Since 2015, the Swine Health Information Center (SHIC) has been advancing research efforts for the U.S. pork industry. Created as a five-year pilot program with funding provided by the Pork Checkoff, SHIC set out to mitigate emerging swine disease threats on behalf of U.S. pork producers in partnership with National Pork Board, the American Association of Swine Veterinarians, and the National Pork Producers Council.
The pork industry recognized the value of SHIC, renewing its commitment in 2021. In 2025, NPB voted to provide $2.5 million to fund SHIC. From 2022 through 2025, SHIC secured $5,041,094 in matching funds and external grants to enhance reach and results.
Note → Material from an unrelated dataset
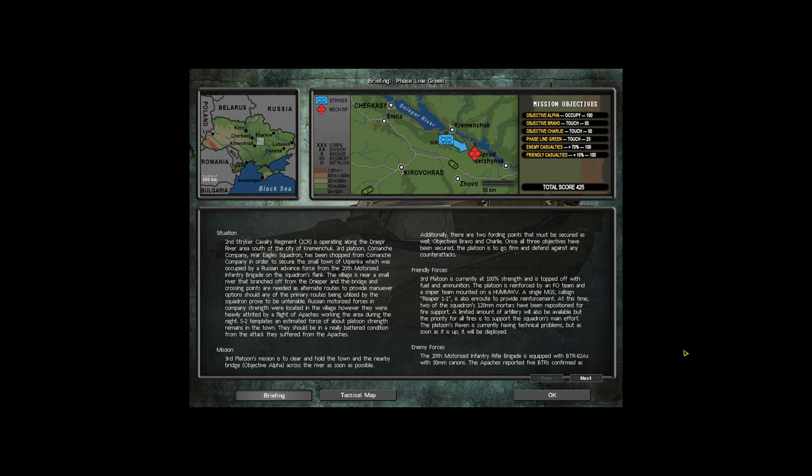Hello there, ladies and gentlemen, and welcome to Combat Mission Black Sea and the Phase Line Green scenario. We are the 2nd Stryker Cavalry Regiment operating along the Dnieper River south of the city. Our mission is to clear and hold the town and nearby bridge, otherwise known as Objective Alpha, across the river as soon as possible. Additionally, there are two folding points that must be secured as well: Objective Bravo and Objective Charlie. Once all three objectives have been secured, the platoon needs to go firm and hold against any counter-attacks.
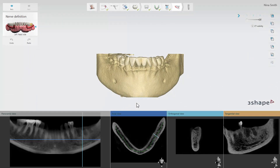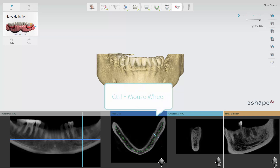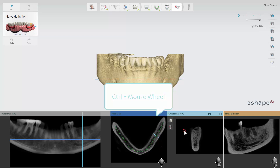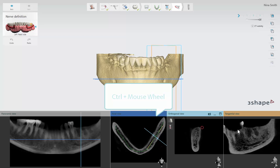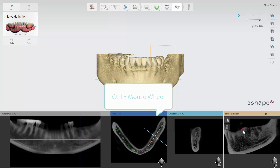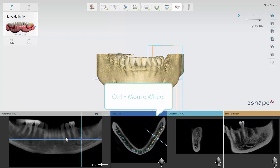For mandibular surgery we have to define the position of the nerve at the nerve definition step. Hold the control button down and use the scroll wheel of the mouse to move through the scans in axial, orthogonal, tangential and panoramic views to trace the nerve.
These external funding sources are equal to $0.49 of non‑Checkoff funding for every $1.00 of Checkoff support, directly increasing the return on producer investments and expanding research breadth, SHIC says in a release.
In 2025:
- SHIC contracted $4,434,466 across 32 research projects in 2025, the greatest annual research investment in the Center’s history.
“These funds enable producer‑relevant projects and allow extensive research into swine health-related priorities that fulfill SHIC’s mission,” SHIC notes. “Captured across SHIC’s five pillars, projects encompass domestic and global emerging disease monitoring, targeted swine disease research, swine health data analysis and coordinated communications.” - SHIC received 116 research proposals in 2025 requesting $17.7 million.
“This record number of proposals provides evidence that leading researchers view SHIC as an organization that directly funds and supports impactful swine health research,” SHIC says. - SHIC funded 32 proposals focused on the highest‑priority, highest‑impact projects for producers.
“These projects directly reflect producer and stakeholder input captured through the 2025 SHIC Plan of Work process, which utilized surveys, listening sessions, and Working Group prioritization across five strategic priorities,” SHIC adds. - SHIC’s domestic and global monitoring systems produced monthly domestic and global disease monitoring reports in 2025, providing early warning on threats such as ASF’s return to Spain after three decades, FMD incursions in Europe and Asia, JEV activity, and the spread of New World screwworm.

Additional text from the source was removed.